CAMEROUN – Un « Chèque santé » pour réduire la mortalité maternelle

Selon les statistiques, environ 6 000 femmes enceintes meurent chaque année en donnant la vie au Cameroun. Le projet « Chèque santé » finance partiellement les soins de santé maternelle et néonatale. Les chèques sont mis à la disposition des femmes pour leur donner accès, moyennant la somme de 6 000 FCFA (9,1 euros), à des prestations « de qualité » : prise en charge des pathologies qui ont un impact sur l’évolution de la grossesse (paludisme, anémie, infections…), quatre consultations prénatales, une échographie, un accouchement et la césarienne si les complications surviennent, ainsi qu’un suivi post-natal pour la mère et son bébé pendant 42 jours.

Le coût réel des prestations est remboursé aux centres de santé grâce à un fonds alimenté par l’Agence française de développement (AFD, partenaire du Monde Afrique) et la Banque de développement allemande. « Avant, les femmes dépensaient au moins 10 000 FCFA pour l’accouchement. Si la situation se compliquait avec une césarienne, cela pouvait monter à plus de 50 000 FCFA, selon les hôpitaux. Aujourd’hui, grâce au projet Chèque santé, les coûts ont drastiquement réduit », souligne Jean Claude Napani, responsable de la mobilisation sociale au sein de l’antenne de l’Extrême-Nord.

Entre le 23 juin 2015 et le 31 décembre 2017, près de 30 000 chèques ont été vendus dans cette région. Pour toucher un maximum de personnes, le projet forme des agents communautaires qui parcourent les villages. Des conducteurs de voitures, motos et tricycles en service dans les zones reculées, ont été mobilisés pour conduire ces femmes sur le point d’accoucher dans les centres de santé, moyennant une rémunération. Des formations sont réalisées auprès des imams, chefs de villages, maires et autorités administratives, pour les inciter à encourager les récalcitrantes.

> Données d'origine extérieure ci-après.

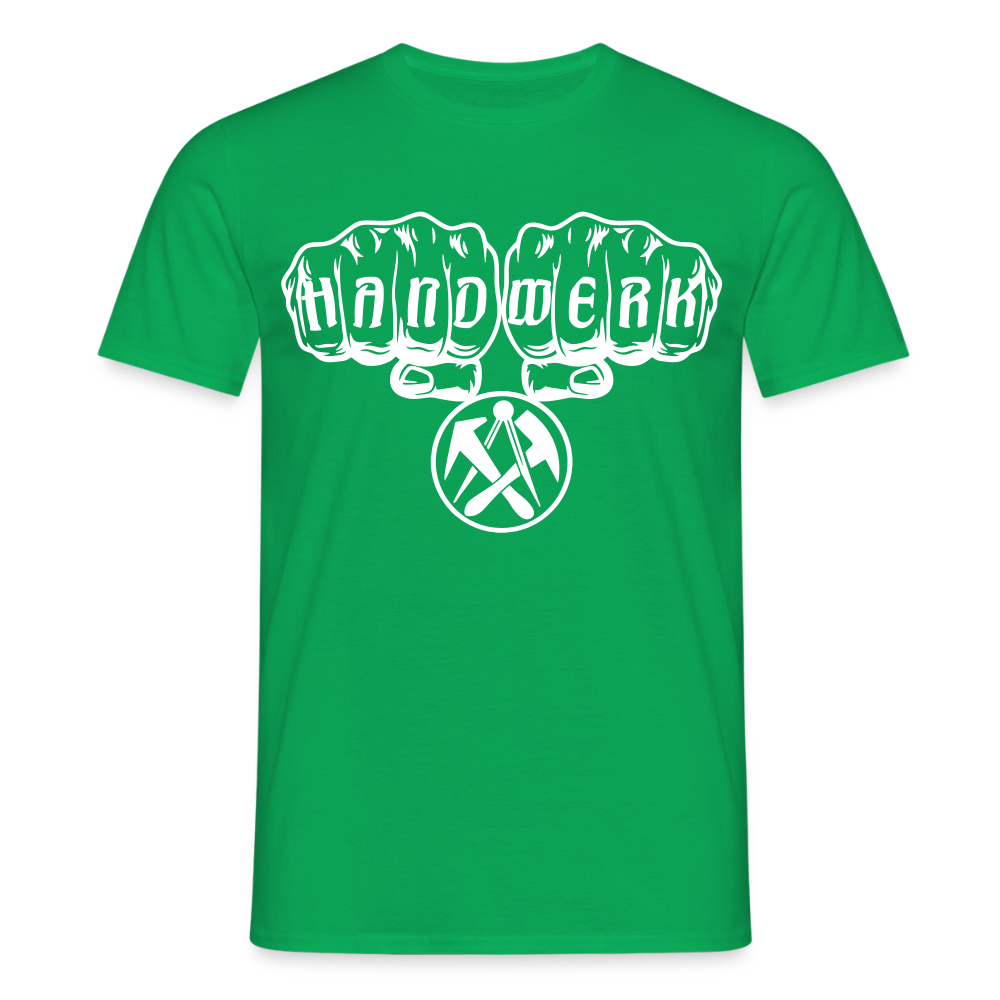 Unisex T-Shirt "Dachdecker" Kelly Green Männer T-Shirt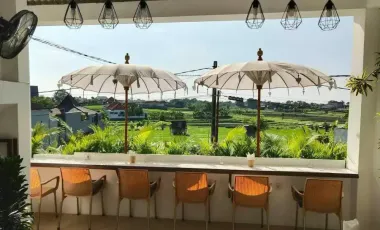 DIJUAL GUEST HOUSE AKTIF CANGGU BALI  VIEW SAWAH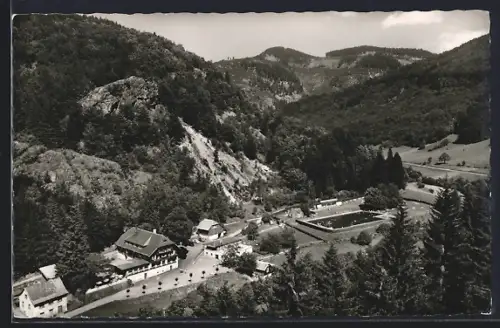 AK Todtnau /Schwarzwald, Hotel Waldeck, Schwimmbad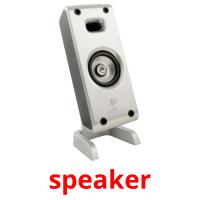 speaker picture flashcards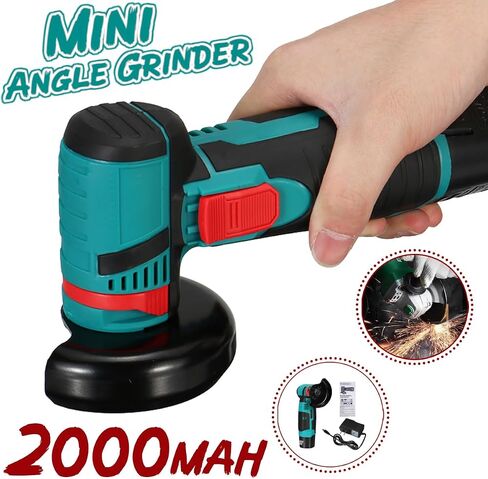 12v 2000mAh mini زاوية طاحونة معاد شحن أداة قطع خشب الحجر المعدني in Saudi Arabia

« On s’est rendu compte qu’il y avait des femmes qui achetaient les chèques, mais préféraient accoucher par habitude, à la maison, assistées par des matrones, relate Jean Claude Napani. On a donc décidé de former ces accoucheuses traditionnelles au danger de l’accouchement non assisté par un personnel de santé ».

Trois ans après son lancement, difficile toutefois de savoir si le projet « Chèque santé » a réduit la mortalité maternelle dans la région. « On ne peut pas comparer car il faudrait avoir les données des décès en communauté [dans les maisons]. Ce suivi n’a pas été fait. Mais, le nombre d’accouchement assisté a augmenté de façon exponentielle. Certains centres de santé qui avaient à peine cinq accouchements par mois, se sont retrouvés à gérer 50, 75, voire une centaine d’accouchements. Certaines prestations comme les consultations postnatales, qui n’existaient pas du tout avant le Chèque santé, existent aujourd’hui », précise le docteur Carine Nga Edoa, médecin-conseil à l’antenne régionale de l’Extrême-nord.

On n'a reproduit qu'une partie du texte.